To be honest with you idk what american bloodline she is. Im new to the whole pitbull breed and decided to get one. I joined so i could learn a lot about pitbulls and stuff. and its upsets me because they try to tell me that she is a lab or great dane as if they never seen a pitbull before.


----------



## angelbaby (Feb 4, 2010)

ahhh well she is young and hasnt filled out at all, with the bloodlines you listed she is american bully not APBT but if you have her papers and post the names on her ped we could help explain exactly what you have. She will grow upwards usually for the 1st year or so and then fill out for another year to 2 years so her size right now isnt anything like what she will be full grown. With this breed hearing that your dog looks like a lab isnt the worst thing you will hear most likely so just get used to brushing it off, if you love her thats all that matters. You can try and educate people about the breed once you have educated yourself but know that there are those that will not listen to anything anyone has to say about pitbulls they will be set in there ways , so a thick skin is deff needed  I know I took things kinda hard when i first started gettin comments but now its whatever lol. Theres a bullies 101 section on here I would check out if I were you it explains the gotti line a bit and the history on the blood lines and believe there is one for the grey line as well. any questions just ask


----------



## ThaLadyPit (Oct 12, 2008)

Honey, unfortunately, that's part of the territory with owning these breeds. You'll experience discrimination, hatred, ignorance and many other things when you own a bully type breed. As Angel stated, the bloodlines you've listed are very much American Bully bloodlines, not American Pit Bull Terrier, and as she also clarified, they are just that, bloodlines and not the breeds that make up your dog. 

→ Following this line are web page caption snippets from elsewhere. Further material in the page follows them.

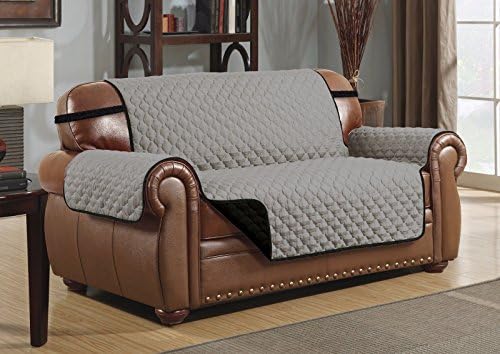 Reversible Love Seat Cover, Quilted Pet Couch Slipcover, Elastic Strap, Machine Washable, Le Benton - Black/Gray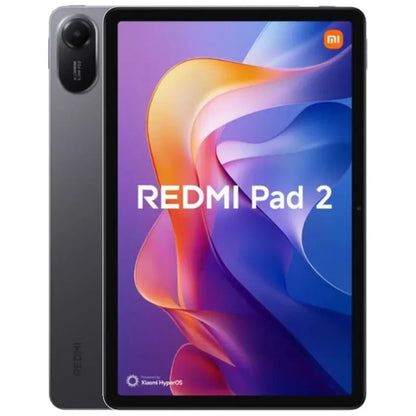 Tablette Redmi Pad 2 en couleur grise avec écran affichant un fond coloré abstrait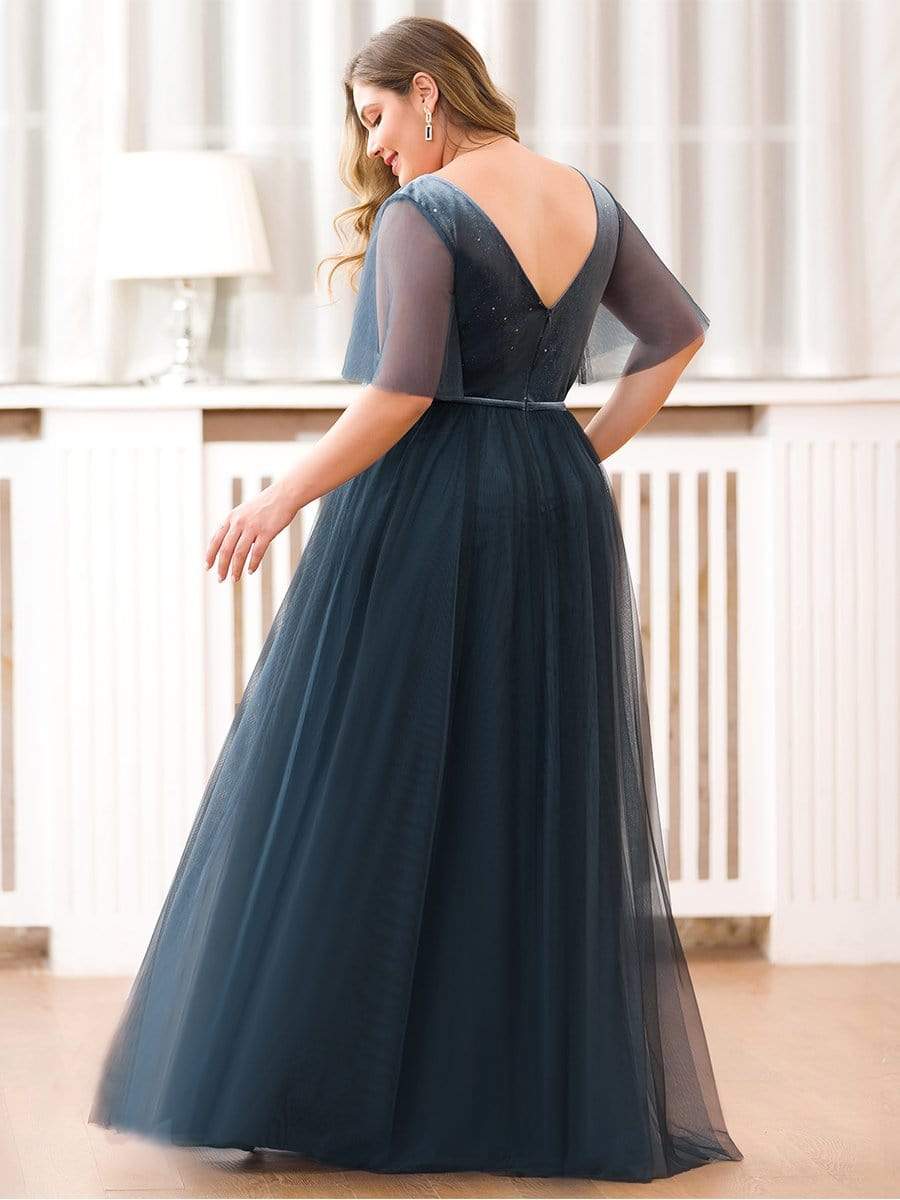 Color=Dusty Navy | Women'S V-Neck Short Sleeve Floor Length Evening Dress-Dusty Navy 2 Color=Dusty Navy | Women'S V-Neck Short Sleeve Floor Length Evening Dress-Dusty Navy 2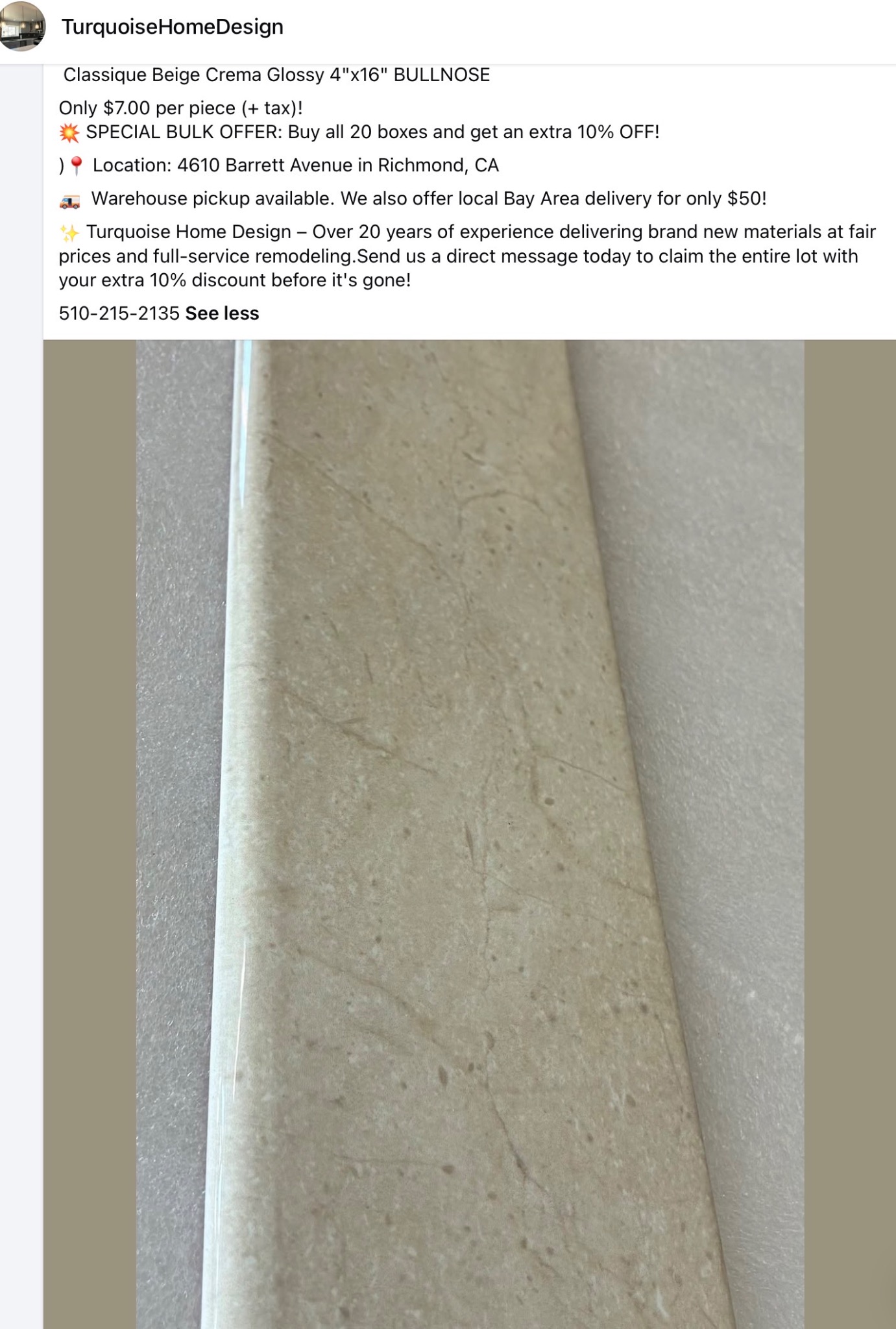 Clearance tile selection 2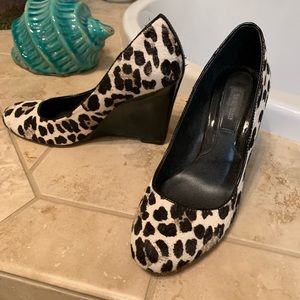 White House Black Market Animal Print Wedges 7.5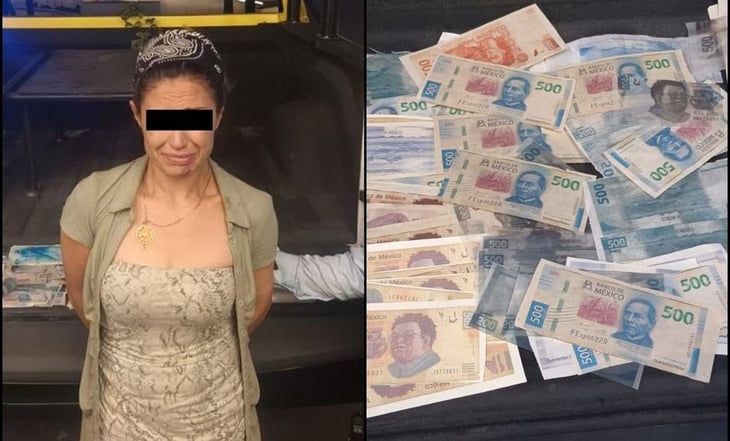 Detienen a mujer con más de 200 billetes falsos en Nuevo León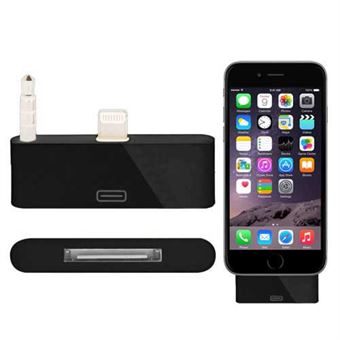  Audiosovitin 8 Pin - 30 Pin iPhone 6 Plus / iPhone 6S Plus - musta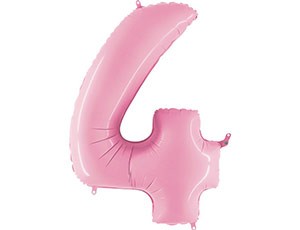 Gr (40''/102 см) /ЦИФРА 4 Пастель Pink, 1 шт.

Just a word of advice, if you're going to own this breed, you need to grow a thick skin, and take everything the less knowledgeable people say with a grain of salt. Most the people you will encounter are just as ignorant to the breed as you are yourself at this point. Not trying to be mean or put you down, just saying they obviously know as much about your dog as you do right now. 

But, rest assured, if you stick around here, you'll learn all there is to know and more and be able to help educate others you encounter on these wonderful breeds.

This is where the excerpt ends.